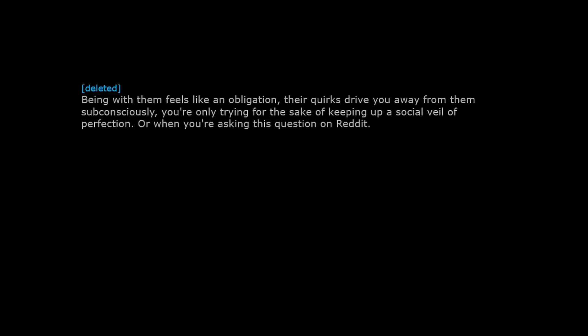Or when you're asking this question on Reddit. Only having sexual attraction when you're drunk.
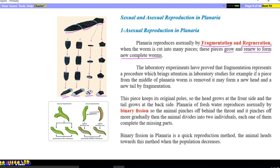Laboratory experiments have proved that fragmentation represents a procedure which brings attention to laboratory studies. For example, if a piece from the middle of planaria is removed, it may form a new head and a new tail by fragmentation. This piece keeps its original polarity, so the head grows at the front side and the tail grows at the back side. Continuously, if we turn this piece in different positions or mediums, always the front side makes the head and the back side forms the tail.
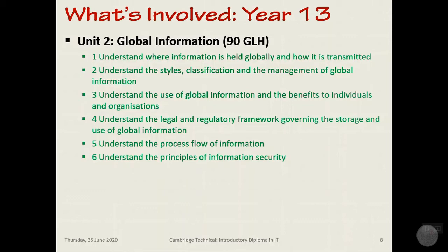Unit 2 — which you probably won't be doing until year 13 — covers global information. It's the use of information in the public domain across the world: the cloud, the internet, information used by you and by different organisations. That data needs to be managed and protected, and companies that are succeeding are the ones doing this well. How do organisations use information internally and externally? How do they process it? What has the law got to say about your data? And how does data become useful information? All of this will help you prepare for the world of work in this industry.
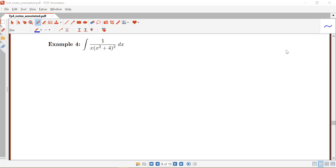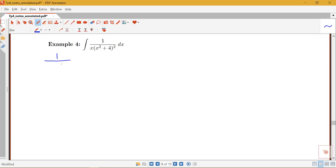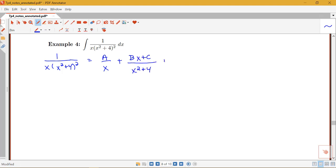Now let's look at the following example where we have the integral of a rational function that includes a repeated irreducible quadratic. Here I have the integral of 1 over x times (x squared plus 4) squared. It is proper, so I can go ahead and write down the partial fraction decomposition form. This gives a over x, plus bx plus c over x squared plus 4, plus dx plus e over x squared plus 4 squared. So we have 5 unknowns in this particular example, unlike several of the other ones where we only had 3.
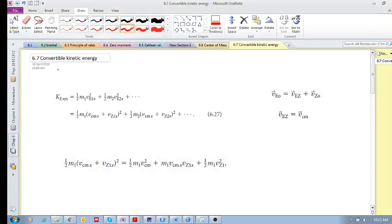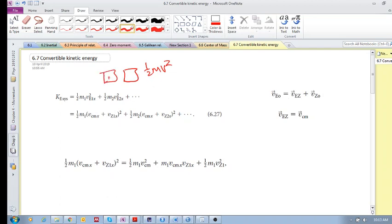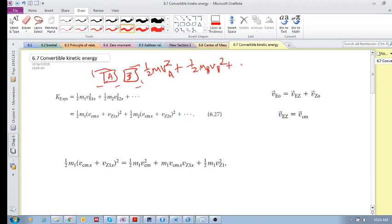Let's look at 6.7, convertible kinetic energy. We're familiar with kinetic energy — for a single particle it's half mv squared. And if you've got a number of particles in your system, the system kinetic energy is half mv_a squared plus half mv_b squared, and so on, adding the kinetic energies of all the particles. That is your system kinetic energy.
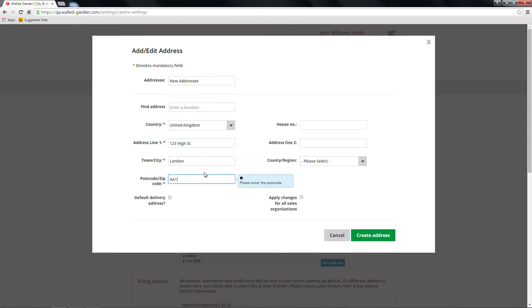Once you've entered the address details, click the Create Address button at the bottom of the screen. If you'd like this to be your centre's default delivery address, just check the tick box under the address details.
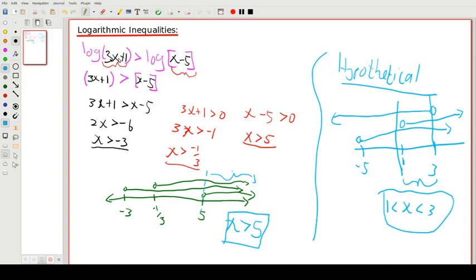The key takeaway: whatever is inside the brackets of a log must be greater than 0 — so 3x + 1 > 0 and x − 5 > 0 are required constraints. We also solve the inequality normally by dropping the logs when the bases match. That gives us all our constraints. We draw a number line, mark them all, and find where everything is true simultaneously — here, all three are satisfied only for x > 5. In the next lesson we'll look at more examples.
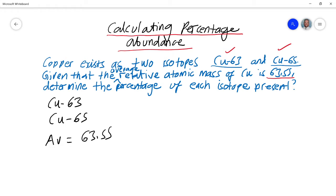In this question, we've been given the average relative atomic mass and we need to work out the percentage abundance of Cu-63 and Cu-65. So I've got my information: the two isotopes Cu-63 and Cu-65, and the average which is 63.55.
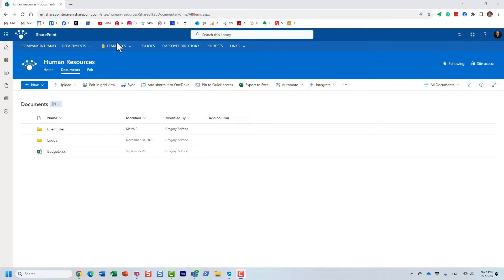Hello, this is Greg from SharePoint Maven and in today's video I would like to show you how you can color code folders in SharePoint and OneDrive.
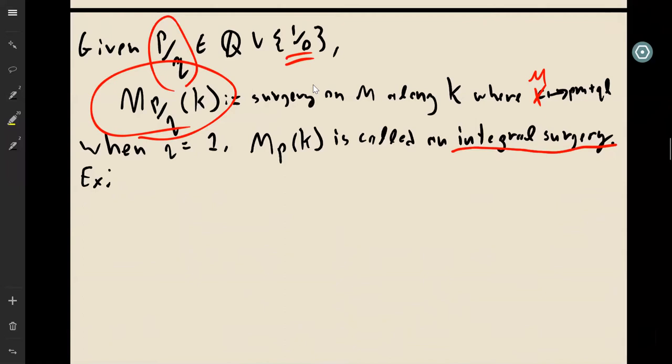When q is 1 — meaning the surgery instruction is just an integer — this is called an integral surgery.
------------------------------
* _Work instructions_
Take the lines from the start of the entries through the line containing "Unit 2 — which" and set them down exactly, leaving out every picture.

* _Your solution_
Or when you're asking this question on Reddit. Only having sexual attraction when you're drunk.
Laboratory experiments have proved that fragmentation represents a procedure which brings attention to laboratory studies. For example, if a piece from the middle of planaria is removed, it may form a new head and a new tail by fragmentation. This piece keeps its original polarity, so the head grows at the front side and the tail grows at the back side. Continuously, if we turn this piece in different positions or mediums, always the front side makes the head and the back side forms the tail.
Unit 2 — which you probably won't be doing until year 13 — covers global information. It's the use of information in the public domain across the world: the cloud, the internet, information used by you and by different organisations. That data needs to be managed and protected, and companies that are succeeding are the ones doing this well. How do organisations use information internally and externally? How do they process it? What has the law got to say about your data? And how does data become useful information? All of this will help you prepare for the world of work in this industry.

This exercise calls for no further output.